Increasing environmental and social resilience based on forest cover and water

Published: 30 April 2019
Last edited: 30 April 2019

After analysing vulnerabilities and adaptation establishing priorities, the ejido La Azteca and ejido Alpujarras sought to protect the ecosystem services provided by their forests (water capture, biodiversity, soil and fertility structure) aiming to benefit their livelohoods and resilience to climate change.

 

The following EbA measures and actions were implemented to face heavy rains, storms, erosion and to improve ecosystem resilience, soil water retention and water downstream. 

 

1. Protection and restoration of the cloud forest in the Tacaná Volcano Reserve. Specific actions were: 

  • natural regeneration of forest degraded areas
  • reforestation with native species

  • wildfire preventative measures such as firebreaks

  • soil conservation practices
  • surveillance to prevent illegal logging, illegal hunting and extraction of flora and fauna, forest fires, and to detect outbreaks of pests

2. Optimization of agroforestry systems,: 

  • Soil conservation practices (e.g. live fences, terraces and breakwater small natural constructions). Live fences use plant species to divide plots, provide shade and protect againts erosion.
  • introducing forest and fruit species into coffee plantations (shade-grown).

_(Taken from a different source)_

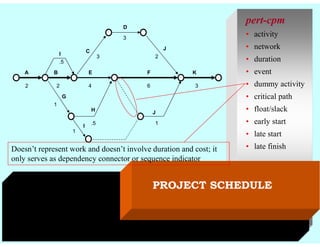 Project Schedule Duration Compression Comprehensive Project Scheduling Techniques and Time Management | PDF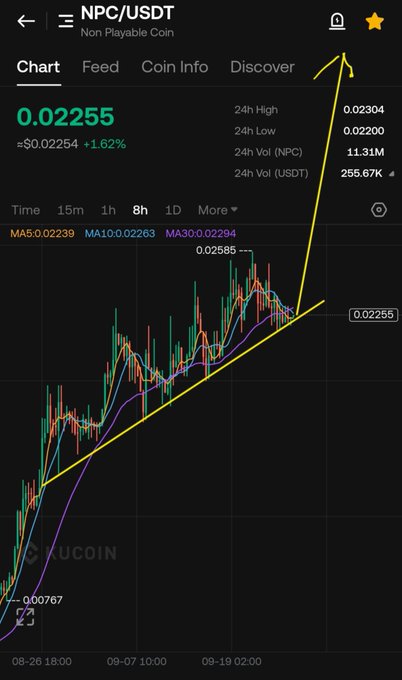 A Binance trading chart for NPC/USDT shows the token trading at $0.02255 (+1.62%), with moving averages (MA5, MA10, MA30) converging near recent highs and a yellow ascending trendline highlighting the broader uptrend, supporting the post's observation of consolidation at the apex of the rally.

Measures helped to improve and maintain the resilience and integrity of the natural forest.

Classifications

Category
Collection of baseline and monitoring data and knowledge
Communication, outreach and awareness building
Education, training and other capacity development activities
Evaluation, effectiveness measures and learning
Sustainable livelihoods
Scale of implementation
Local
Phase of solution
Implementation
Monitoring
Documentation and dissemination of results

Enabling factors

  • Ejido assemblies, which are important (decision-making) entities of the communities of Chiapas, are key for the implementation, and long-term monitoring and evaluation of EbA measures for climate change adaptation. The Ejido is a land tenure structure in Chiapas, Mexico.
  • The existance of the Payment for Environmental Services scheme which has been operating in Chiapas since 2012, was key to support actions and enable funds for the sustainable management of mountain mesophilic forest and agroforestry systems (~4000 ha).

Lessons learned

The main goal of the solution was to improve the resilience of communities and ecosystems towards climate-related impacts. This was achieved by implementing EbA measures in combination with synergizing measures of community-based adaptation, certain CO2 mitigation strategies (such as Payment of Ecosystem Services for the protection of the forest), and the integrated water management of the Cahoacán river basin (were communities are located).

 

One important lesson is that EbA measures cannot be isolated, but need to be taken at a basin or microbasin scale to impact on water related ecosystem services.